# ECFP6 NN Data preprocessing

This ipynb is intended to be used in tandem with the 'ecfp_nn.ipynb' file. Please run this file first to construct the 

In [5]:
import pandas as pd
import pickle
from rdkit import Chem
from rdkit.Chem import AllChem
import numpy as np

## Data preprocessing and Loading

In [6]:
def string_to_bitstr(smiles):
    mol = Chem.MolFromSmiles(smiles) # convert smiles to molecule
    mol = Chem.AddHs(mol) # include hydrogen's in EFCP
    # next line converts the molecule into a ~ECFP6 fingerprint string with 2048 bits
    fprint = AllChem.GetMorganFingerprintAsBitVect(mol=mol, radius=3, nBits=2048)
    # convert that to the one hot encoding of the ECFP6
    rtrn = np.fromiter(fprint.ToBitString(), "u1")
    return rtrn

In [3]:
def load_B3DB(path="B3DB/B3DB/B3DB_classification.tsv"):
    # load dataset from B3DB
    data = pd.read_csv(path, sep="\t")
    fingerprints = []
    labels = []
    for idx, row in data.iterrows(): # iter thru data
        smiles = row["SMILES"] # get smiles
        fingerprints.append(string_to_bitstr(smiles)) # convert smiles to bitstring
        if row['BBB+/BBB-'] == 'BBB+': # assing 1 for BBB+, 0 for BBB-
            labels.append(1)
        else:
            labels.append(0)
    fingerprints = np.array(fingerprints)
    labels = np.array(labels)
    return (fingerprints, labels)

def pickle_database(obj, name='fps_and_labels.pickle'):
    with open('fps_and_labels.pickle', 'wb') as f:
        pickle.dump(obj, f)
    return

### Build and pickle the processed data

To build your pickled ecfp data object, all that is necessary is that the proper path to reach the "B3DB_classification.tsv" be provided.
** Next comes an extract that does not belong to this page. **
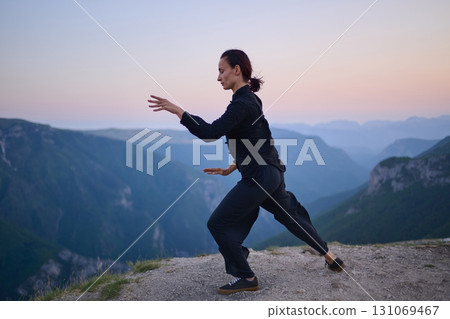 Woman practicing Tai Chi in traditional black outfit on mountain at sunrise, arms outstretched in meditation pose focusing on balance, energy, and mindfulness in nature. 131069467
It can be enter below, or if not entered, an attempt to access it as though it resided in the same folder as this file will be made.

In [2]:
# To set a path, uncomment the line below and type in the appropriate string.
# path = ""

In [10]:
# This pickling was done because rdkit is unusable in google colab
fingerprints, labels = load_B3DB(path)
pickle_database((fingerprints, labels))